For all the light, airy images that grace the Andrea Ball brand—her MySpace, her Facebook, and the cover of her new album, Dial Tone—a dark determination runs through her songs. Ball’s latest is heavy on minor-key piano from the get-go, and that fierce gloominess rarely lets the sun break through. The brooding title track finds the singer-songwriter chanting, “put on your parachute-chute-chute-chute,” a distant and dour lyrical cousin to that famous line about an “umbrella-ella-ella-ella.” Tick-tocking claps and crunchy, tense guitar break into the spooky “Dismantled,” with terse piano and pulsing bass suggesting an unexpected lean toward epic post-rock. “Glass Wall” has all the warmth and mystery of a live jazz recording, and offers the closest thing to a ballad on the album.

“Courage” is Dial Tone’s best song, with hyperactive hi-hats clicking away into glitchy static and pizzicato strings that evoke images of a wintry movie set. “Courage, where have you gone?” Ball’s husky voice pleads over tricky handclaps and booming, right-next-to-you drums. Ball is keenly self-aware without being narcissistic, and the result is charming—her voice and her delicate piano work evoke British songwriter Carina Round or a less depressed Emily Haines.

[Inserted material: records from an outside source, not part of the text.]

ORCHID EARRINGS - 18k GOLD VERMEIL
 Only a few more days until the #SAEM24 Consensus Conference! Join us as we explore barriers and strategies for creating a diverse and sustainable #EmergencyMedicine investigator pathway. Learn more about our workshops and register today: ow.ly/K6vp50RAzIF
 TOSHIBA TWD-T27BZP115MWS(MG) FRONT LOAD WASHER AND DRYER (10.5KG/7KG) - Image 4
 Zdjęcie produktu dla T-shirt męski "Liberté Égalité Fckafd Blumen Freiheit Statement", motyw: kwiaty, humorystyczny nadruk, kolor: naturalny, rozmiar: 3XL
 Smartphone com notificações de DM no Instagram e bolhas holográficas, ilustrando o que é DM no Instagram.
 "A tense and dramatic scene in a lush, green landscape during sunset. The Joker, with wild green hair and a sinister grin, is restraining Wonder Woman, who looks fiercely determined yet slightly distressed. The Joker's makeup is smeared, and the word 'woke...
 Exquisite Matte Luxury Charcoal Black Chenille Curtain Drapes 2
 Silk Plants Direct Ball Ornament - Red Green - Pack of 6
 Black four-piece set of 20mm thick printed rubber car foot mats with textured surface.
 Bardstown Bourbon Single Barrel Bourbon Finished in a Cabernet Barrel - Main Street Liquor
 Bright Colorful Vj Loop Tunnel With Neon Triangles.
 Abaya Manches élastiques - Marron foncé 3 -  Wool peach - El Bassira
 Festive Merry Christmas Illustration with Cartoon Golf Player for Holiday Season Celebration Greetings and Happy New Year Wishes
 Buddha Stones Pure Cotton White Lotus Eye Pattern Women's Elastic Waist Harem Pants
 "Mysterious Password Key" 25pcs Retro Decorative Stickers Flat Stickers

The album has its share of cringe-worthy moments, too, but they happen mostly when Ball steps away. (Dan Craig’s cheesy backup vocals on “Bright Side” don’t accomplish much.) Her musical persona, when upfront, commands rapt attention—there’s a distinct desperation in her voice, sweet but occasionally ragged and baring fangs. On “Blind,” amid a ghostly musical saw and shy strings, Ball sings forlornly, “You were indispensable, and I had tired eyes.” The definite darkness that permeates Dial Tone is never oppressive—like a drizzly day that never leads to a downpour.